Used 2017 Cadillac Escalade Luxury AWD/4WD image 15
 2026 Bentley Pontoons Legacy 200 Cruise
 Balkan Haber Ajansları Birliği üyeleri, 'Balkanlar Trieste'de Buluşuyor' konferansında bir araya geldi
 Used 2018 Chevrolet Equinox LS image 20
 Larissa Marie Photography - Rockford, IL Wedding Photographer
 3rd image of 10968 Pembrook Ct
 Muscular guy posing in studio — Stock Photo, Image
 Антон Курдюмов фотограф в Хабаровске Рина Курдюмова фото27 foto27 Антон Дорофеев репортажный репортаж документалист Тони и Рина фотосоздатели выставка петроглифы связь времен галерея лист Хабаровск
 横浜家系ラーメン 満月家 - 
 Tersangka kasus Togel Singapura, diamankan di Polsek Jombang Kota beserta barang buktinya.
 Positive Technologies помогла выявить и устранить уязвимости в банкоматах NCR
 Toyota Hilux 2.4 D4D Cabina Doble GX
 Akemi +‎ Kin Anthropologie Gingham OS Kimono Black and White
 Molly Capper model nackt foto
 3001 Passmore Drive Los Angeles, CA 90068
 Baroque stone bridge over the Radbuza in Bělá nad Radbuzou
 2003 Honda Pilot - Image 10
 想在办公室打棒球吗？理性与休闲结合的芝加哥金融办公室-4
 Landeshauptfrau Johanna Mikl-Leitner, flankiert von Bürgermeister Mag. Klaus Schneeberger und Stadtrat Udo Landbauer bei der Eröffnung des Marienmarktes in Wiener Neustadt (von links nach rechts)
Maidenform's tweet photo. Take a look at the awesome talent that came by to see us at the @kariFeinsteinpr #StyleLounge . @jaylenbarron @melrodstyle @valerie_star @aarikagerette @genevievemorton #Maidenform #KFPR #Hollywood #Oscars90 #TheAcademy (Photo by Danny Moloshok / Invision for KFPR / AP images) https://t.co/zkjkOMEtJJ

========================================

_PROBLEM STATEMENT:_
Word for word, restate only the lines from the one containing "Akemi +‎ Kin" through the last line of the entries, with both ends kept.

_ANSWER TO THE EXERCISE:_
 Akemi +‎ Kin Anthropologie Gingham OS Kimono Black and White
 Molly Capper model nackt foto
 3001 Passmore Drive Los Angeles, CA 90068
 Baroque stone bridge over the Radbuza in Bělá nad Radbuzou
 2003 Honda Pilot - Image 10
 想在办公室打棒球吗？理性与休闲结合的芝加哥金融办公室-4
 Landeshauptfrau Johanna Mikl-Leitner, flankiert von Bürgermeister Mag. Klaus Schneeberger und Stadtrat Udo Landbauer bei der Eröffnung des Marienmarktes in Wiener Neustadt (von links nach rechts)
Maidenform's tweet photo. Take a look at the awesome talent that came by to see us at the @kariFeinsteinpr #StyleLounge . @jaylenbarron @melrodstyle @valerie_star @aarikagerette @genevievemorton #Maidenform #KFPR #Hollywood #Oscars90 #TheAcademy (Photo by Danny Moloshok / Invision for KFPR / AP images) https://t.co/zkjkOMEtJJ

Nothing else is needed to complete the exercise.